▸ **EXERCISE**:
Please retype, word for word, the line containing "7 Brown Sandals" and every line after it through the end of the records, leaving out all pictures.

▸ **RECORDS SHOWN**:

===============

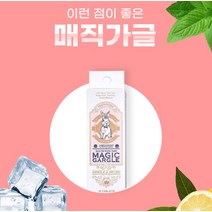 BUyuS매직가글 치약 가그린 고체 휴대용 입냄새 제거 구강청결제 마스크 잇몸염증 여행용 휴대용굿딜 브이숍, 그린티민트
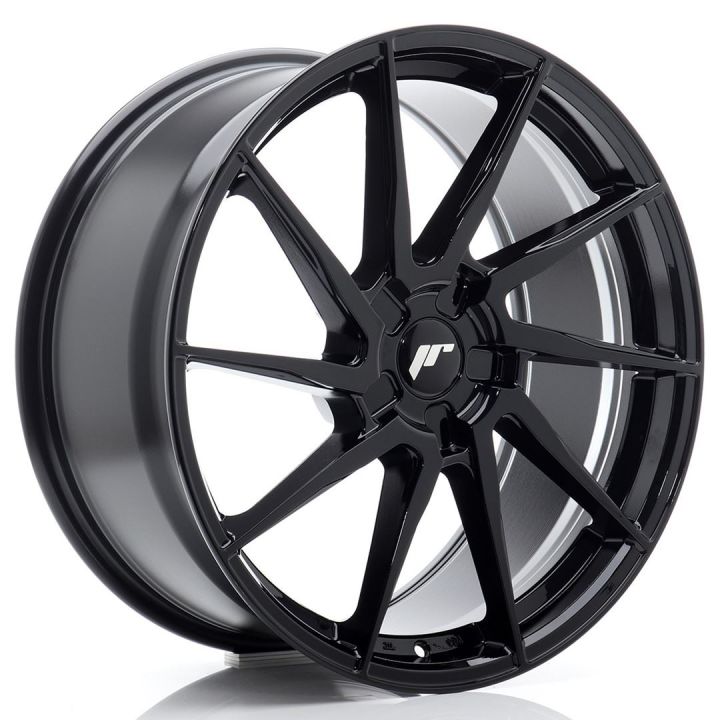 Japan Racing Wheels<br>JR36 Gloss Black (20x9)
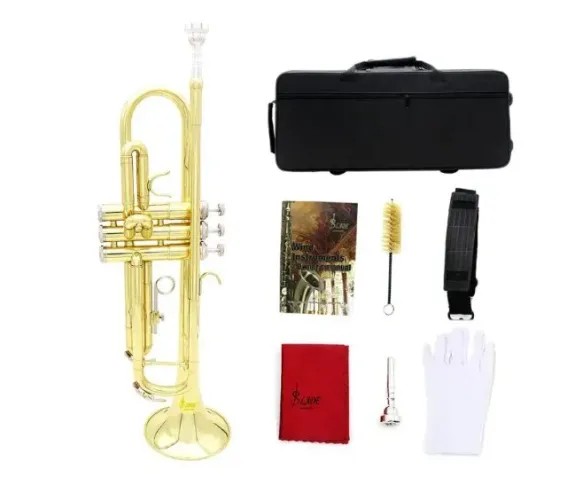 Trompete Slade Sib NOVO - Design Americano - 10X no cartão - Envio p/ todo Brasil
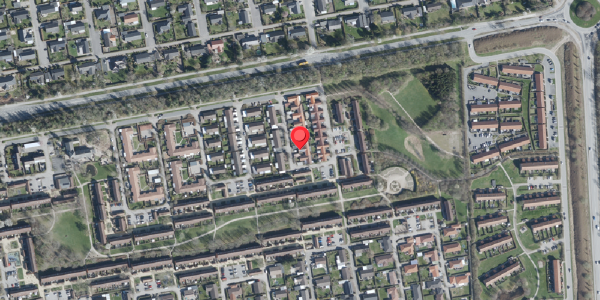 Oversvømmelsesrisiko fra vandløb på Kildeskovvej 9, 4100 Ringsted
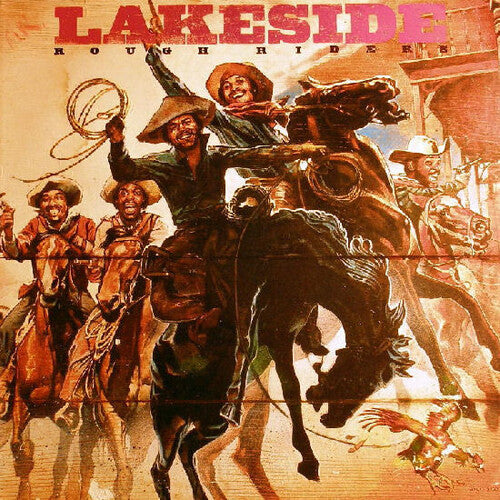 Lakeside Rough Rider - Record Album - Vinyl LP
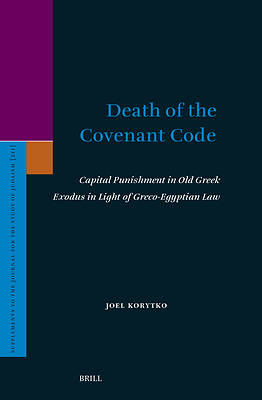Picture of Death of the Covenant Code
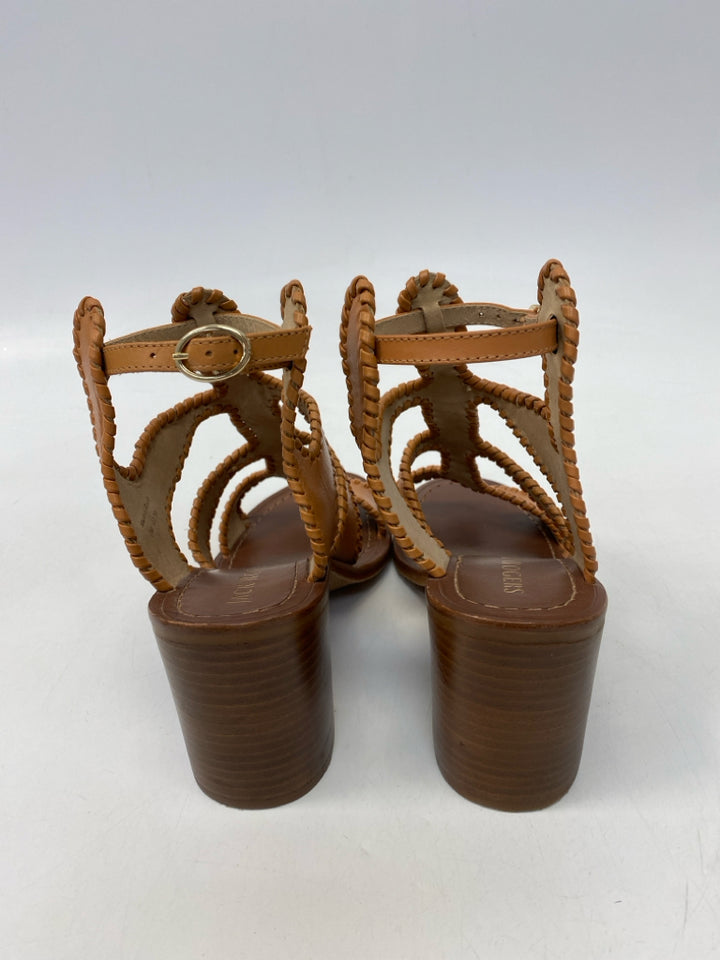 Jack Rogers  Size 7 Brown Sandals
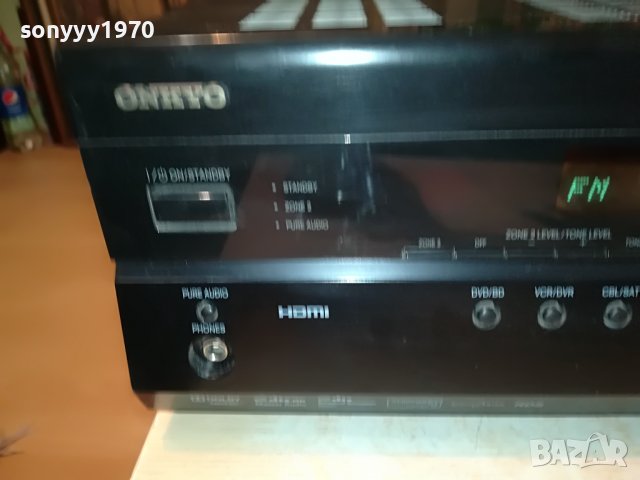ONKYO TX-SR507 HDMI RECEIVER 0706221932, снимка 5 - Ресийвъри, усилватели, смесителни пултове - 37013530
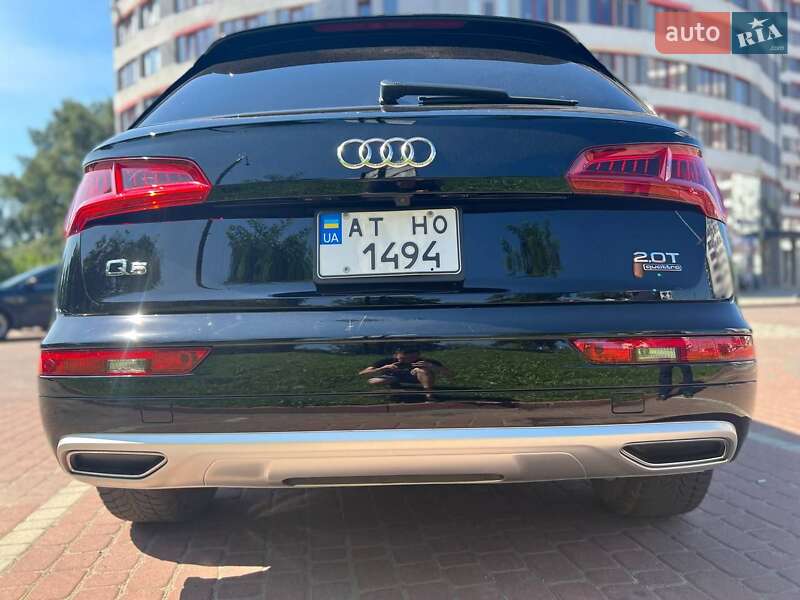 Внедорожник / Кроссовер Audi Q5 2018 в Ивано-Франковске фото 13 Внедорожник / Кроссовер Audi Q5 2018 в Ивано-Франковске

===============

▸ **RESPONSE FOR THIS EXERCISE**:
 Jack Rogers  Size 7 Brown Sandals
ONKYO TX-SR507 HDMI RECEIVER 0706221932, снимка 5 - Ресийвъри, усилватели, смесителни пултове - 37013530
 Внедорожник / Кроссовер Audi Q5 2018 в Ивано-Франковске фото 13 Внедорожник / Кроссовер Audi Q5 2018 в Ивано-Франковске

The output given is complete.